The reply must repeat the listing below exactly and carry none of its pictures.

THE DATA:
╔══

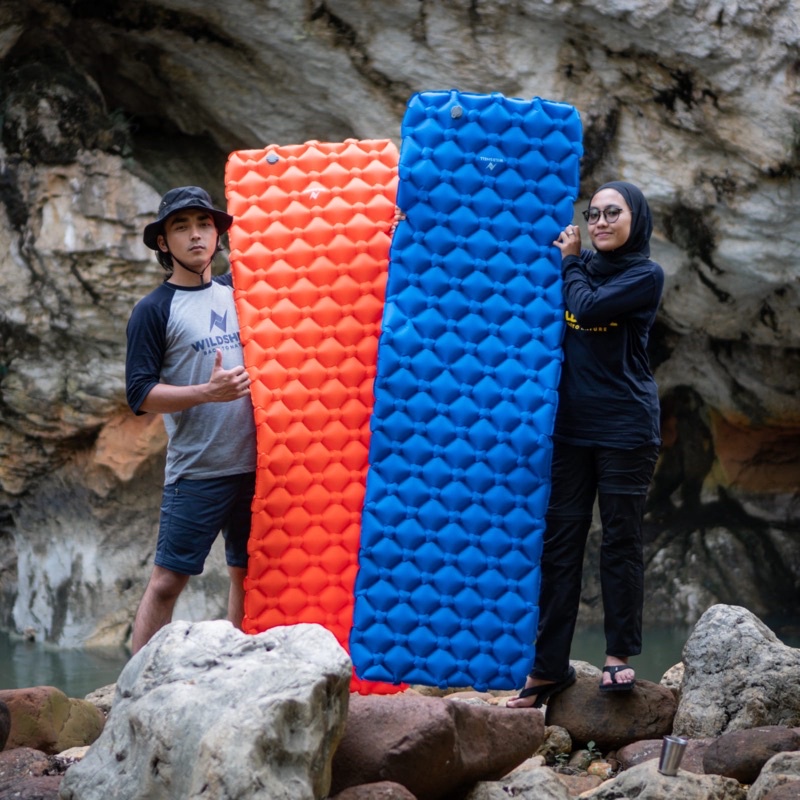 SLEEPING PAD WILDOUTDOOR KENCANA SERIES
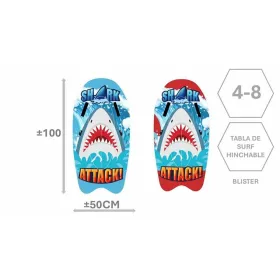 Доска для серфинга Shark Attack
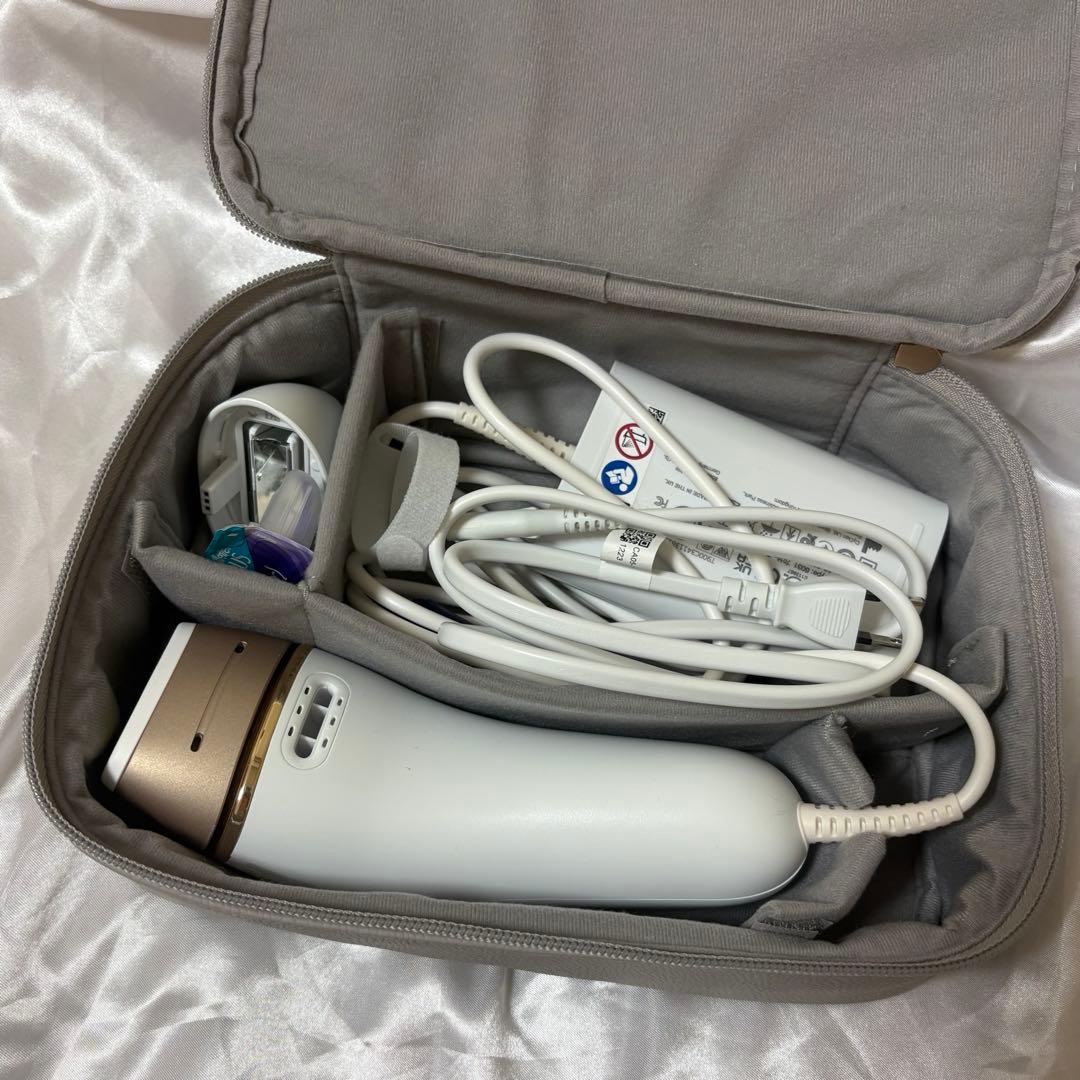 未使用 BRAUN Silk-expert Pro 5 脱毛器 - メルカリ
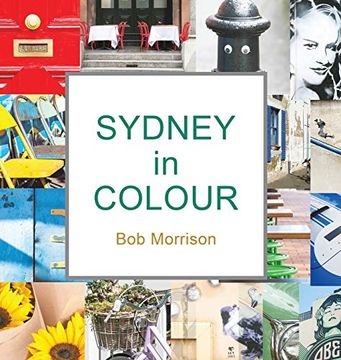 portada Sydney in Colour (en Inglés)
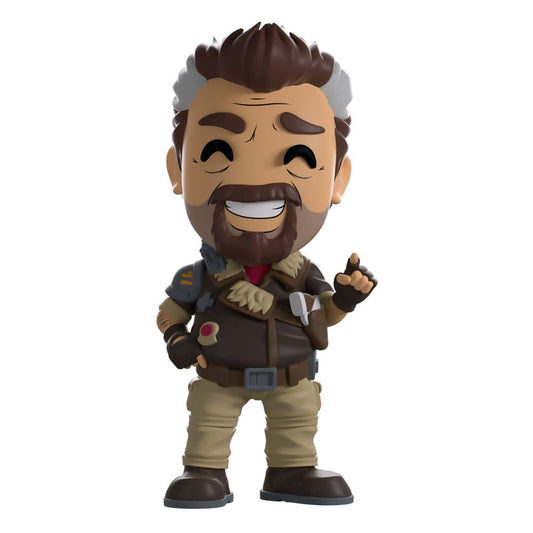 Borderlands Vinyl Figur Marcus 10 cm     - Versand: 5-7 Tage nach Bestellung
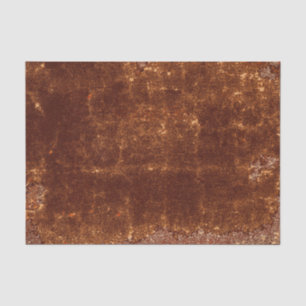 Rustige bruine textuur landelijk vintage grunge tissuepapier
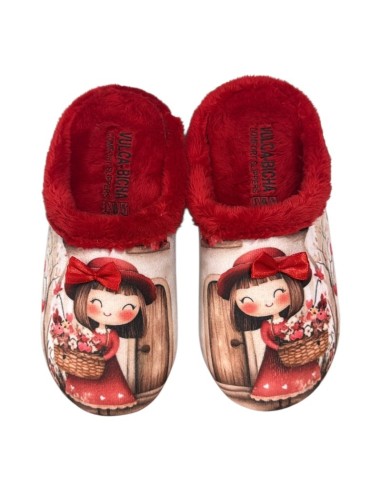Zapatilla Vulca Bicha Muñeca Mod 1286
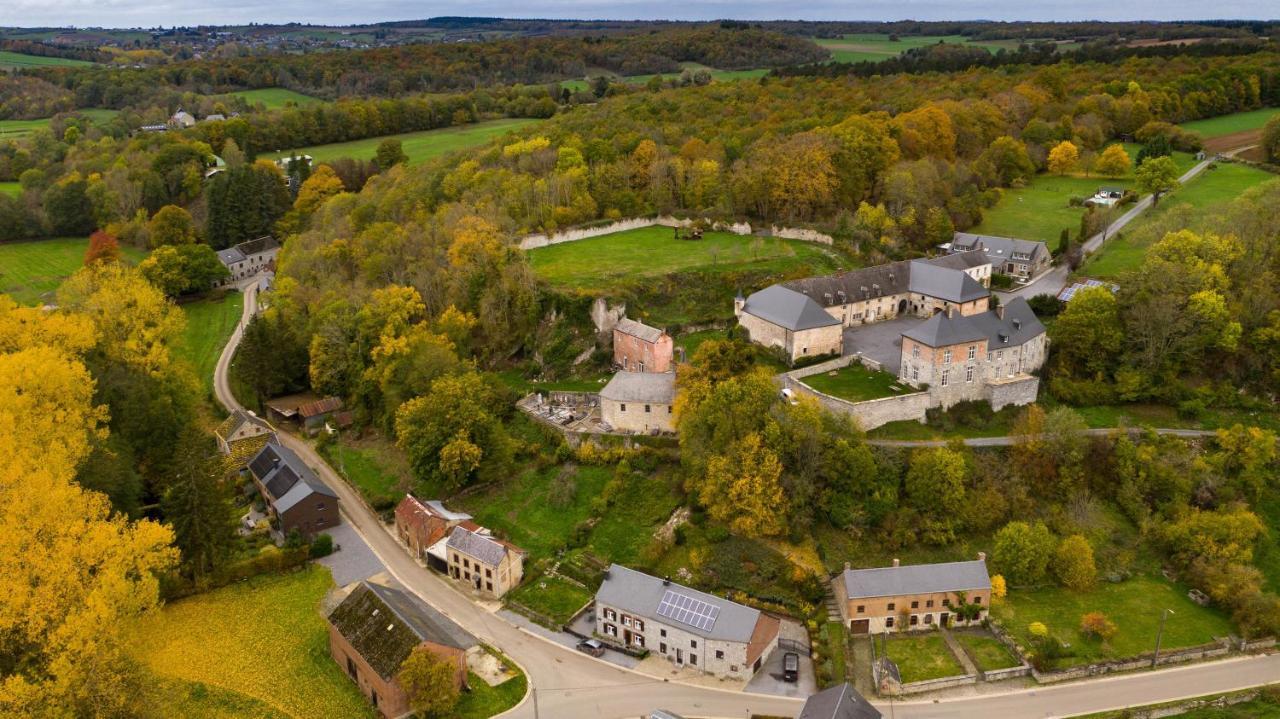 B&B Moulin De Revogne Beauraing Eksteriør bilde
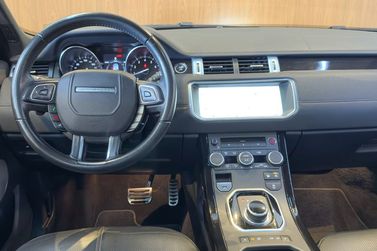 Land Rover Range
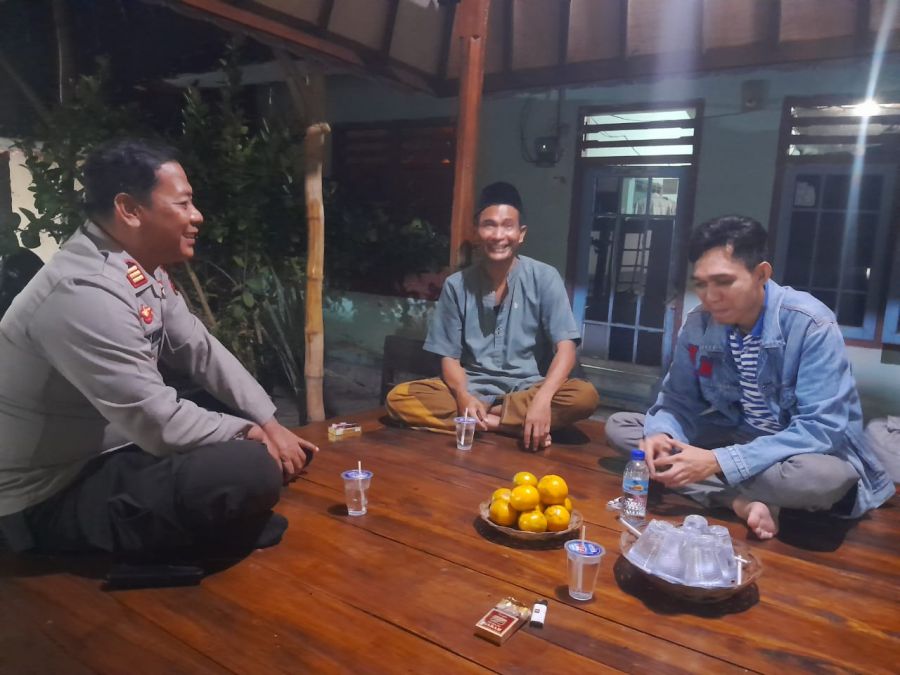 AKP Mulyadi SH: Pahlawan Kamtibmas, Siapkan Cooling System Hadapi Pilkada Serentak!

╚══

RESULT OF THIS EXERCISE:
 SLEEPING PAD WILDOUTDOOR KENCANA SERIES
 Доска для серфинга Shark Attack
 未使用 BRAUN Silk-expert Pro 5 脱毛器 - メルカリ
 portada Sydney in Colour (en Inglés)
 Borderlands Vinyl Figur Marcus 10 cm     - Versand: 5-7 Tage nach Bestellung
 Rustige bruine textuur landelijk vintage grunge tissuepapier
Zapatilla Vulca Bicha Muñeca Mod 1286
 B&B Moulin De Revogne Beauraing Eksteriør bilde
 Land Rover Range
 AKP Mulyadi SH: Pahlawan Kamtibmas, Siapkan Cooling System Hadapi Pilkada Serentak!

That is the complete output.